Wendell: I have two words that come to me. A phrase comes to me. I think the first time I heard this, I heard this from Sister Linda Royster. She said, if I don’t have Shalom, if you don’t have Shalom, I don’t have Shalom. I remember the first time I heard her say, I was like, yes. And I think what you’re hitting so hard is also that grief. Grief doesn’t happen in isolation.
Jamie: It does not.
Wendell: It’s meant to be communal. And that, is that not a biblical framework? Lament was meant to be, it’s also meant to be communal. So I love how you continue messing with the framework when there’s pain that you grieve by yourself and you lament by yourself. Actually, that’s not true. And then to even hear you talk about that, we’re empowered by grief. That’s what I heard you say. If we’re empowered by grief and it empowers us to change systems, I can’t say I’ve heard too many folk put that together.

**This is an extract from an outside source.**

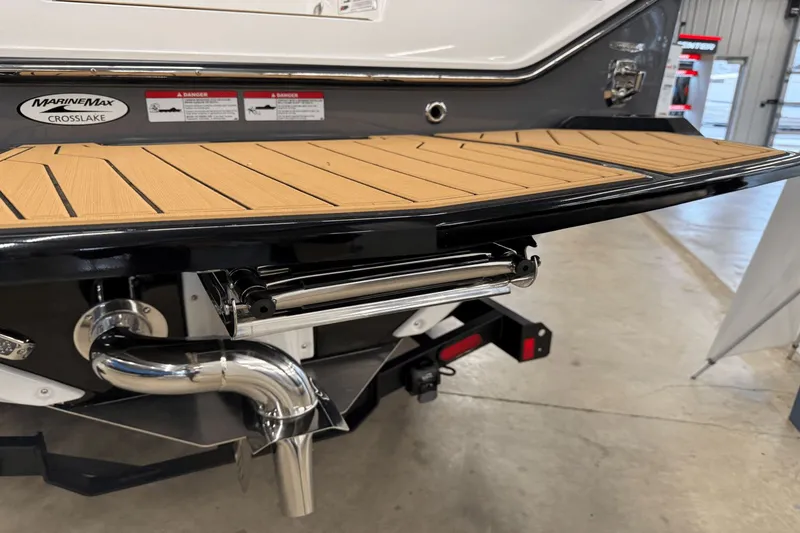 Slide: The Image of Nautique Super Air Nautique S21 2026 - 19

Jamie: Yeah. We are empowered by grief empowers us. Grief gives us more insight into what is supposed to be in the world. So when I live in the city of Philadelphia, well we know, right? So in Philadelphia where I’m working with families, we call ’em families of murder victims. And so there are ways that violence has disrupted people’s lives. Well, guess what? That grief will remind you. No one’s life should be disrupted by violence. And then it empowers you to stand on the front lines in ways. And again, and you said this, Rachael, I am not suggesting that the loss came for you to do this. Nope. I am saying that in the loss that we find ways to pull out wisdom and power in order to do what we need to do in the world. I certainly don’t believe that God is dropping losses on us.

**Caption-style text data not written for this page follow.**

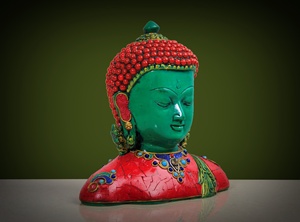 Busto de Buda de Resina Hecho a Mano con Acabado en Piedra, Escultura Decorativa Colorida para Meditación y Decoración del Hogar - Product Image 5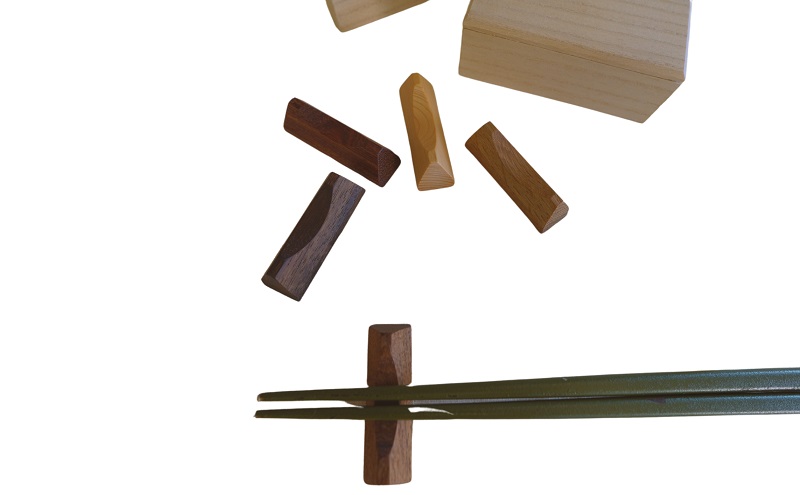 桐箱に入った無垢のオハシオキ 5個セット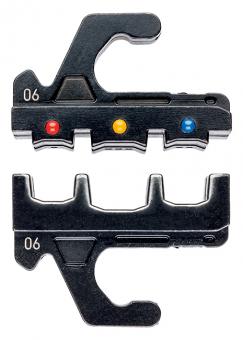 Crimping dies for insulated terminals, plug connectors and butt connectors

Rachael: No, but what you’re saying is that, and I’ve been think about this, the more I become human and connected to creation and others, I’ll say, the more Christian I’m actually become in the sense that I know that we need a God who is on the side of the oppressed in order to live into that empowerment because it does feel like there’s too much injustice. What do we do? And it’s like, I think your mentor said, you lean in with Spirit and you lean in with community. And I wish we had more time. I want to keep going because I feel like there’s so much more to cover here and we are going to bring things to a close. But I want to say to you, Wendell, thank you. You are one of the most fiercely tender men I know. And I know that changes things for not just here and now, but the past and future. So thank you. And Dr. Jamie, thank you for joining us and sharing just your thoughts and work and your body and heart with us. And if you want to find Dr. Jamie, her work is prolific actually. And it sounds like there’s more coming out, but Thoughtful Transitions I think is where people can find you and your death doula and grief doula work, the Ratchet Grief Project, which is really like a community consultation, teaching a podcast that’s coming, a book that’s coming. I’m sure there are other ways people want to have you come speak or come do things with their community, but we’ll make sure all of that is available to you as listeners. But thank you so much for saying yes at 13 and saying yes at 18 and 19. Just an honor to spend time with you. Thank you.
Jamie: Yeah, this is great. And can I just say this last thing, Rachael, you said this in terms of lament you as well, Wendell, right? That we talk about weeping may endure for a night, right? But joy comes in the morning, and that’s something that we often hear people say. And I always say, joy comes in the morning because joy comes through the mourning. So maybe it’s not in, it’s a through. Joy comes through the mourning, the process of allowing yourself to grieve. And that’s when you get to the kind of joy that makes you fully alive in this world. And I believe God wants us to be alive. So thank you for having me.